Supplied records:
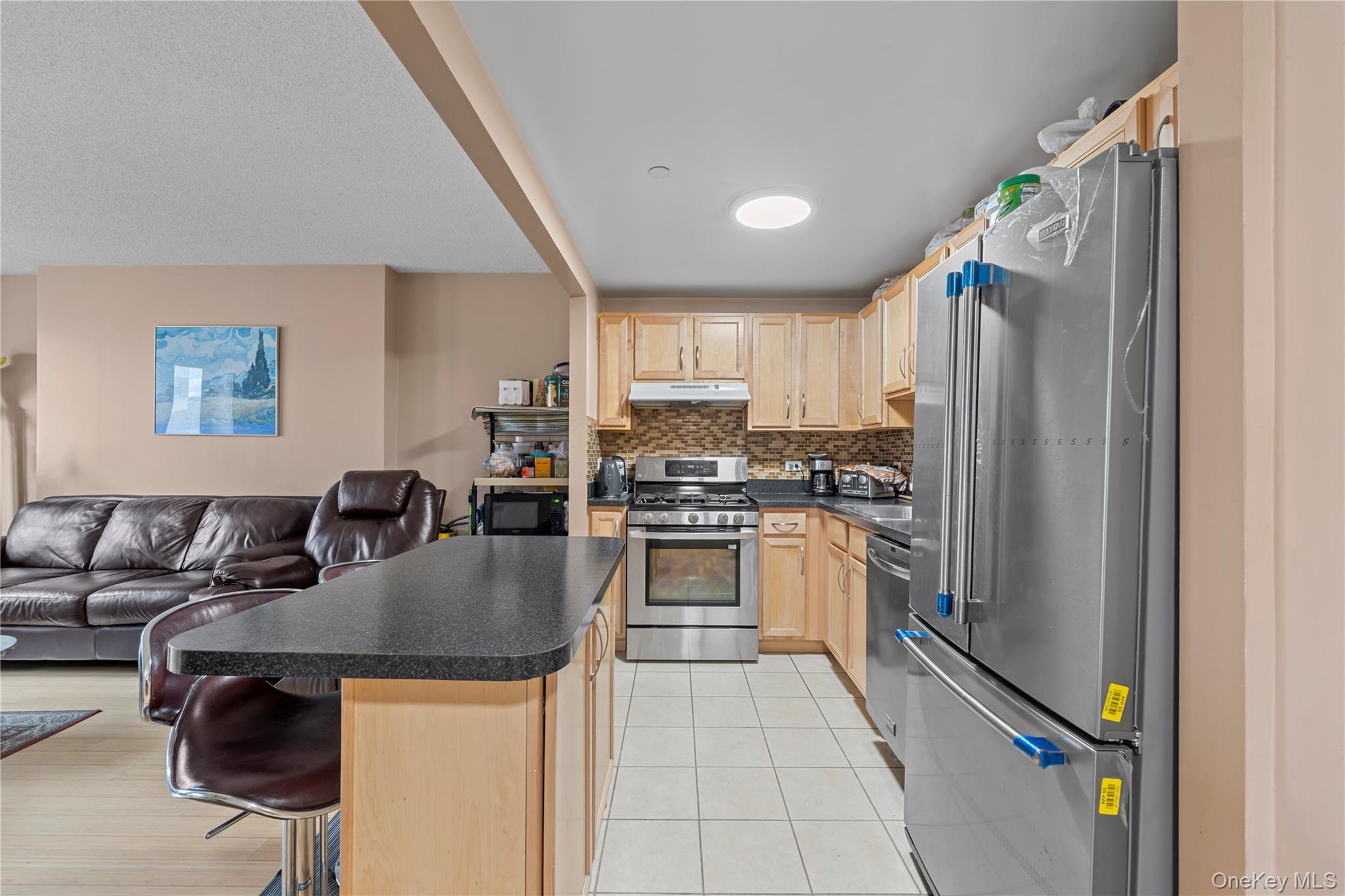 3044 3rd Avenue, Unit 6D Bronx, NY 10451 - Photo 19 of 19 a kitchen with stainless steel appliances granite countertop a refrigerator a stove a sink dishwasher and white cabinets with wooden floor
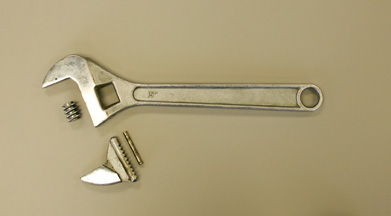This is a photo of a 10-inch adjustable wrench (spanner) taken apart.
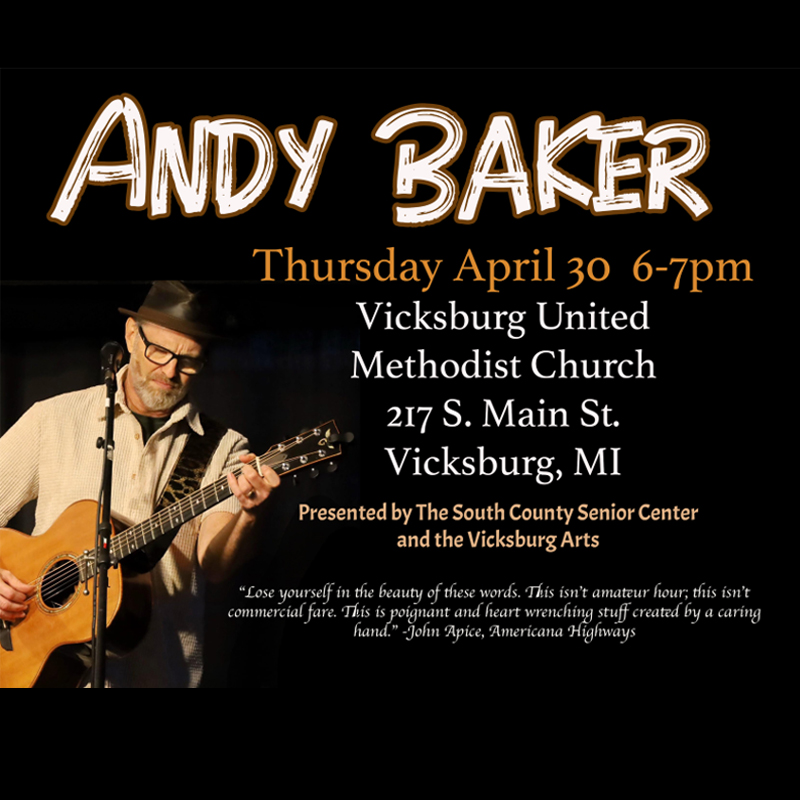 A musician with a guitar named Andy Baker.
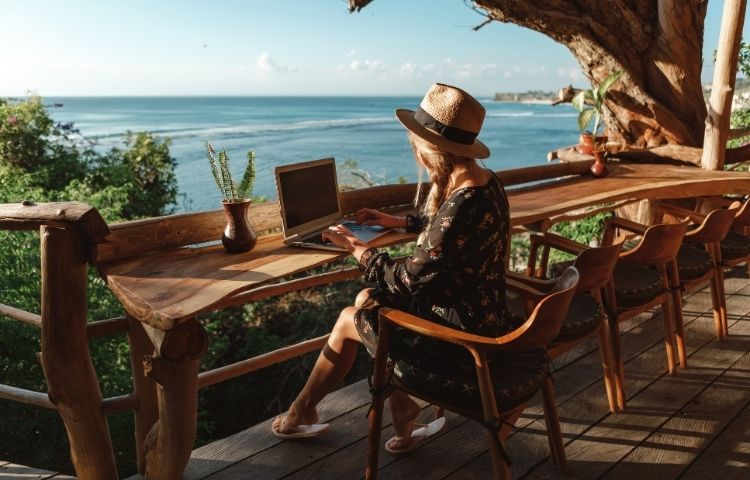Eine Arbeitnehmerin sitzt in einem Strandkaffee und arbeitet an ihrem Laptop.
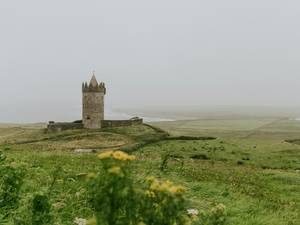 Torre de piedra en la niebla sobre un campo verde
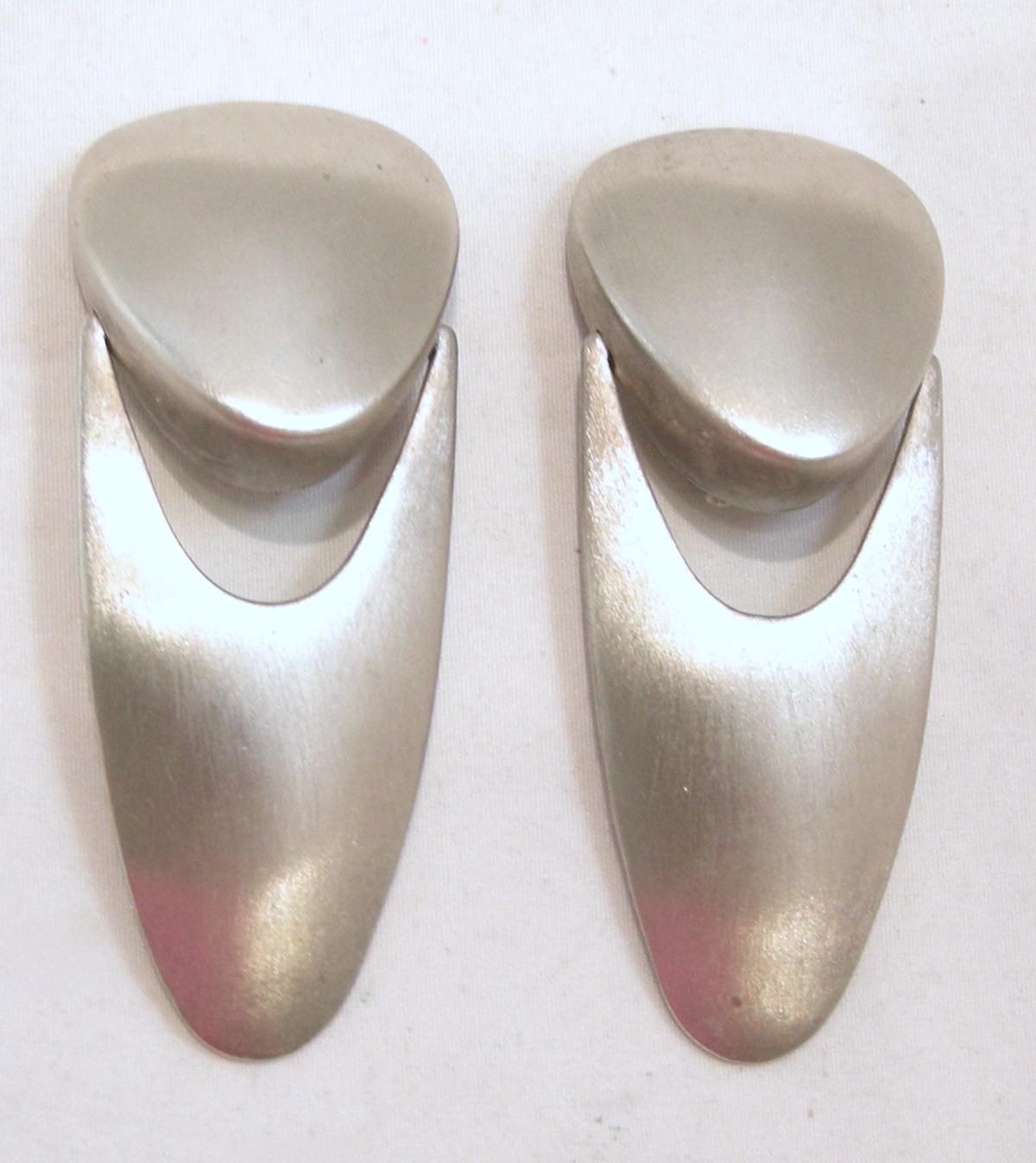 These long vintage 1970s earrings feature a modernist design with a triangular shape top earpiece and attached drop, all in a matte-finish silver-tone setting.  In excellent condition, these clip earrings measure 2-7/8” x 1-1/8”.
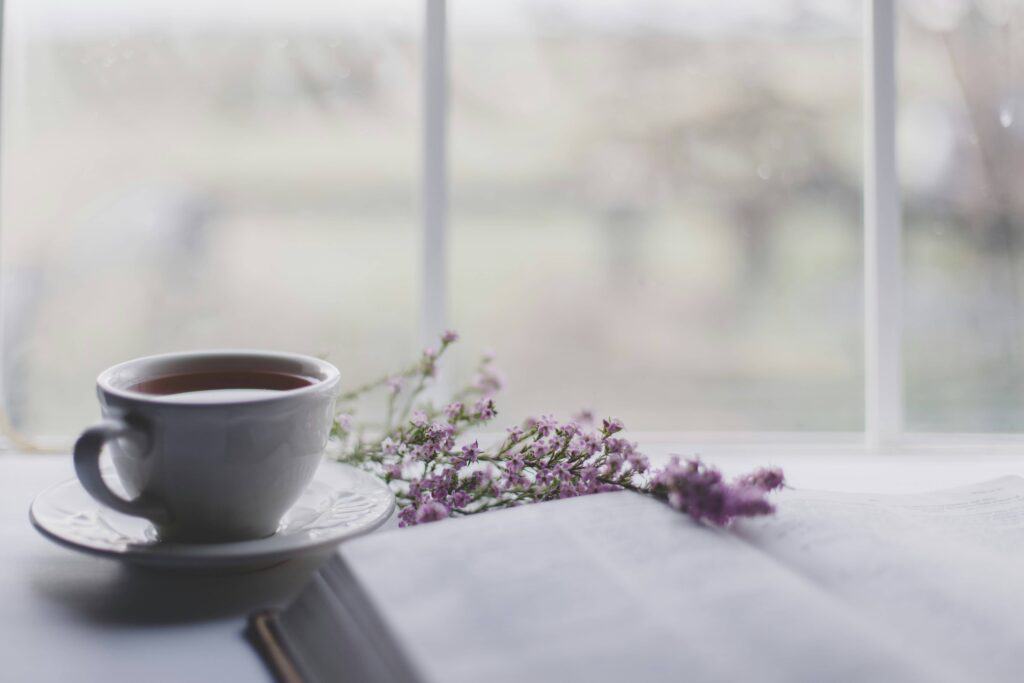 A cup of tea on a saucer with purple flowers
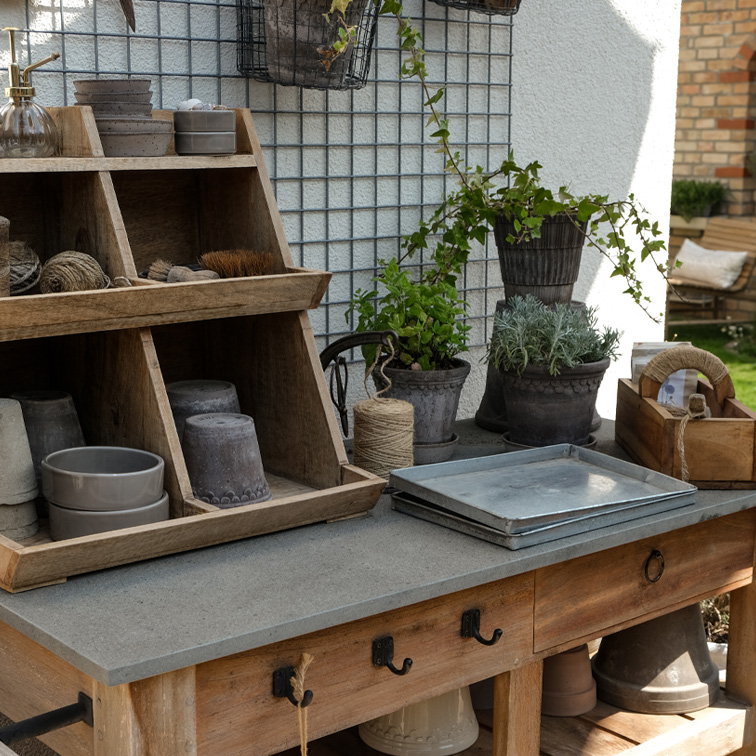 Houten tuintafel met betonnen blad, plantenpotten, tuingereedschap en touwen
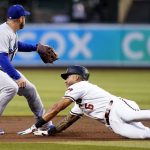 
              Arizona Diamondbacks' David Peralta (6) dives into second base with a double as Los Angeles Dodgers third baseman Max Muncy covers second base as he waits for a late throw during the first inning of a baseball game Tuesday, April 26, 2022, in Phoenix. (AP Photo/Ross D. Franklin)
            
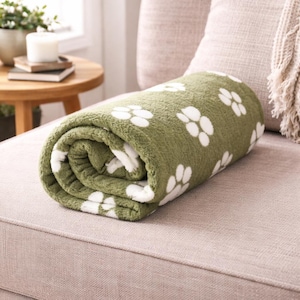 May include: A rolled-up olive green fleece blanket featuring a repeating pattern of white paw prints. The fabric has a soft, textured appearance, and the blanket is neatly coiled to display the interior and exterior layers of the patterned material.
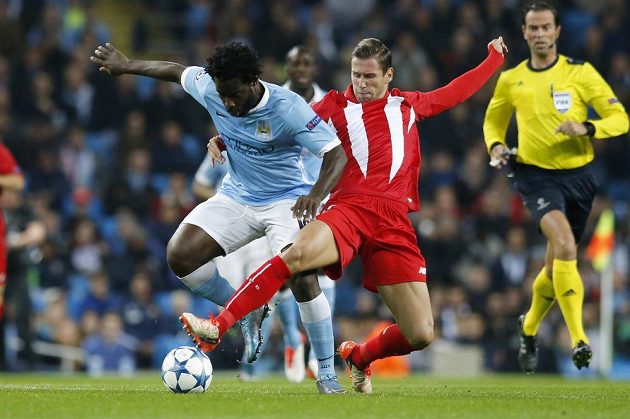 Wilfried Bony (vlevo) z Manchesteru City v tvrdém souboji s Grzegorzem Krychowiakem ze Sevilly.
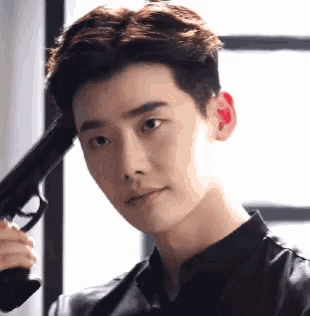 a young man is holding a gun to his head and looking at the camera .
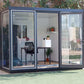 Duramax 10x10 Glass Garden Room 32001 with interior desk and chairs, surrounded by greenery.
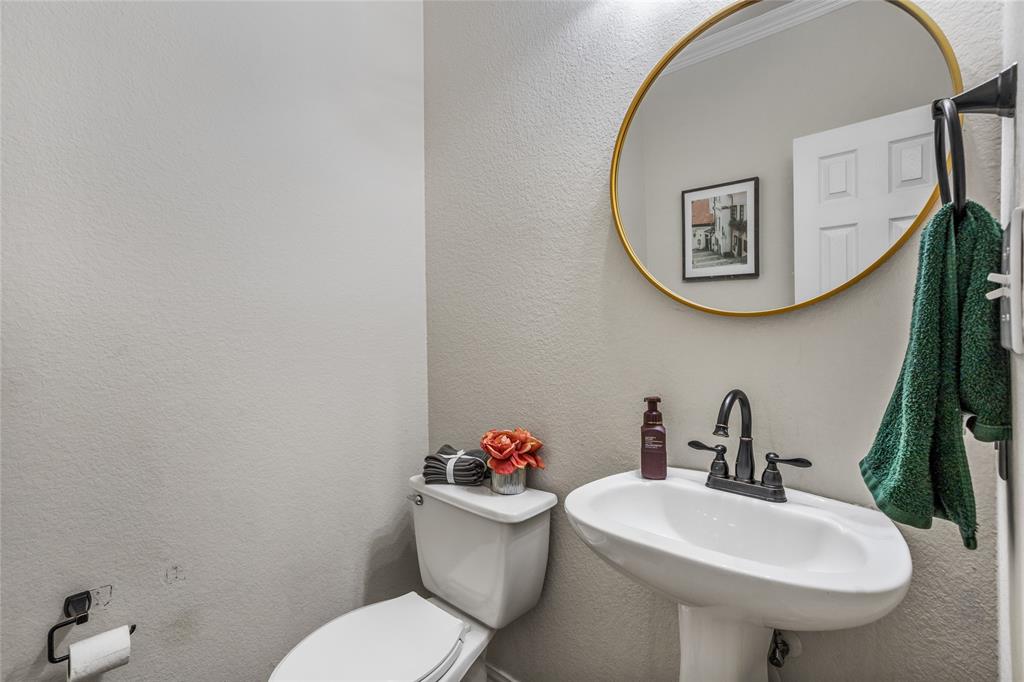3404 Belladonna Drive Plano, TX 75093 - Photo 12 of 24 a bathroom with a sink mirror and toilet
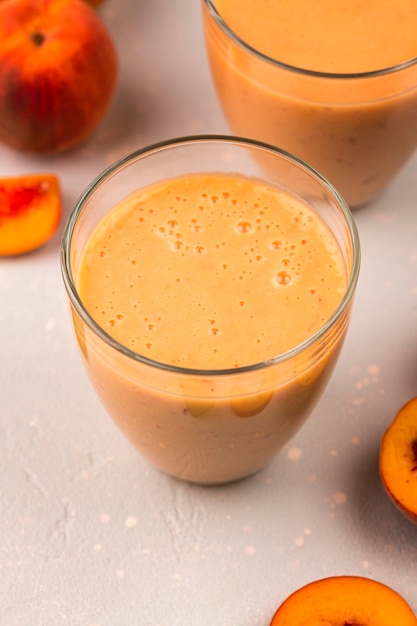 Free photo high angle of milkshake glasses with peaches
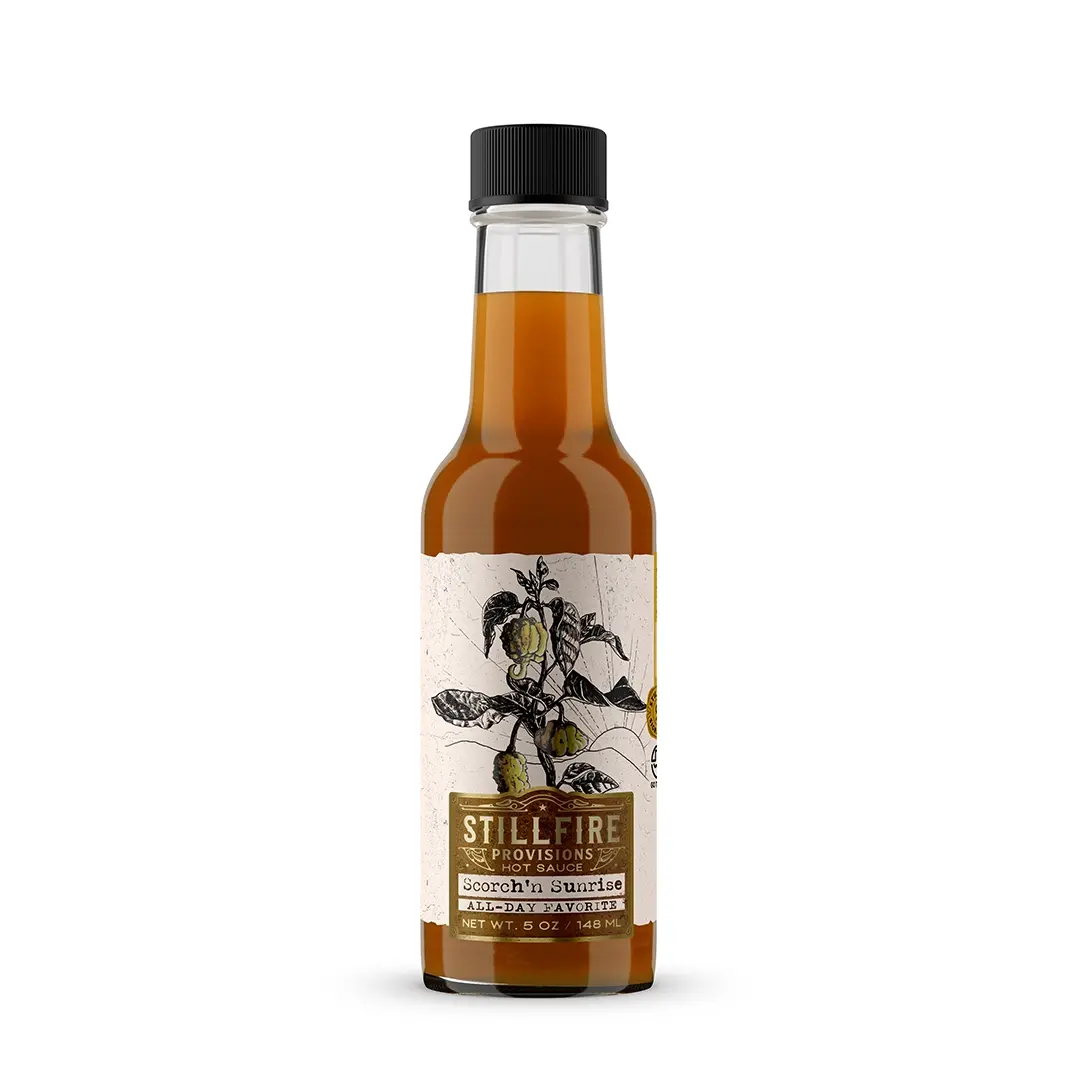 Bottle of Stillfire Provisions Scorch'n Sunrise hot sauce on a white background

Aim of the task: Beginning with the line that holds "3404 Belladonna Drive" and ending with the last line of the material above, extract every line exactly, pictures excluded.

Finished task:
3404 Belladonna Drive Plano, TX 75093 - Photo 12 of 24 a bathroom with a sink mirror and toilet
 Free photo high angle of milkshake glasses with peaches
 Bottle of Stillfire Provisions Scorch'n Sunrise hot sauce on a white background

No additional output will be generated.